# Task goal:
Repeat the records below exactly, beginning at the first line and finishing with the line that contains "Three yellow gold".

# Short descriptive text snippets:
Start of Block

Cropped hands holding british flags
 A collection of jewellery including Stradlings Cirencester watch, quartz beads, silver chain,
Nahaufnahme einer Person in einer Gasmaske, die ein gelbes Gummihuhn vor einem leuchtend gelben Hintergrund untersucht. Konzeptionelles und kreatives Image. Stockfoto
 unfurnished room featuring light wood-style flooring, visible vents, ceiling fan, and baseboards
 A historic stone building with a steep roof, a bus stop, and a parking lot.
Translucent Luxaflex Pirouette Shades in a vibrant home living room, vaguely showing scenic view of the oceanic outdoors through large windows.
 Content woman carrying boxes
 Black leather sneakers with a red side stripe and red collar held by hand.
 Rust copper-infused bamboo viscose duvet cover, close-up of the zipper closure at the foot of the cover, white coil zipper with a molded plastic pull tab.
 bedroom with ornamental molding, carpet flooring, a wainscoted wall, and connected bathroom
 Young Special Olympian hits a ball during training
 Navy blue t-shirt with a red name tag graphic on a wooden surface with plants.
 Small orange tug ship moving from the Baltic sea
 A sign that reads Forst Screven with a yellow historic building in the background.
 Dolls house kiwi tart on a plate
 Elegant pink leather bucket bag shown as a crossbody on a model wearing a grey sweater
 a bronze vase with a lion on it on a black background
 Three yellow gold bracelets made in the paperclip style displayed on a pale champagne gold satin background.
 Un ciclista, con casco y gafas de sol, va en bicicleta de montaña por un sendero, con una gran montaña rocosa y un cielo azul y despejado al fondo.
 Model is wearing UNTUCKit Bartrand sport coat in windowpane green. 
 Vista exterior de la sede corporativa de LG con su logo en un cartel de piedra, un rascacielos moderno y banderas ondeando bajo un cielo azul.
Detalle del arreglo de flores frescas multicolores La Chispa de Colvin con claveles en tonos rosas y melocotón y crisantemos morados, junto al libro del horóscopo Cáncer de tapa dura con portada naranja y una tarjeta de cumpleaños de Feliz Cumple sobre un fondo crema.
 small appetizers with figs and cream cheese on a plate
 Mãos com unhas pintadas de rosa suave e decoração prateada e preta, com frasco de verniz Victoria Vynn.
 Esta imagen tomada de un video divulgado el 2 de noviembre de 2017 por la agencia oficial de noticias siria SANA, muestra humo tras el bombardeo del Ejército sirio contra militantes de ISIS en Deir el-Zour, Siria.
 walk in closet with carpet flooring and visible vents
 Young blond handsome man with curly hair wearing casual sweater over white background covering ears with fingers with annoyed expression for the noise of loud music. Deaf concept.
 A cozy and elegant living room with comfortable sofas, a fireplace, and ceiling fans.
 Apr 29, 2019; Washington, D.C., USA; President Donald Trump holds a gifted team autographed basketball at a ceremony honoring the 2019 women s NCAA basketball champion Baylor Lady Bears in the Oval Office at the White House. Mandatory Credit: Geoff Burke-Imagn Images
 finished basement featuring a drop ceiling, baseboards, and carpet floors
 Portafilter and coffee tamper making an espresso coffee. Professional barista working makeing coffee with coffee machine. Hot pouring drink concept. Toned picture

End of Block

# Written answer:
Cropped hands holding british flags
 A collection of jewellery including Stradlings Cirencester watch, quartz beads, silver chain,
Nahaufnahme einer Person in einer Gasmaske, die ein gelbes Gummihuhn vor einem leuchtend gelben Hintergrund untersucht. Konzeptionelles und kreatives Image. Stockfoto
 unfurnished room featuring light wood-style flooring, visible vents, ceiling fan, and baseboards
 A historic stone building with a steep roof, a bus stop, and a parking lot.
Translucent Luxaflex Pirouette Shades in a vibrant home living room, vaguely showing scenic view of the oceanic outdoors through large windows.
 Content woman carrying boxes
 Black leather sneakers with a red side stripe and red collar held by hand.
 Rust copper-infused bamboo viscose duvet cover, close-up of the zipper closure at the foot of the cover, white coil zipper with a molded plastic pull tab.
 bedroom with ornamental molding, carpet flooring, a wainscoted wall, and connected bathroom
 Young Special Olympian hits a ball during training
 Navy blue t-shirt with a red name tag graphic on a wooden surface with plants.
 Small orange tug ship moving from the Baltic sea
 A sign that reads Forst Screven with a yellow historic building in the background.
 Dolls house kiwi tart on a plate
 Elegant pink leather bucket bag shown as a crossbody on a model wearing a grey sweater
 a bronze vase with a lion on it on a black background
 Three yellow gold bracelets made in the paperclip style displayed on a pale champagne gold satin background.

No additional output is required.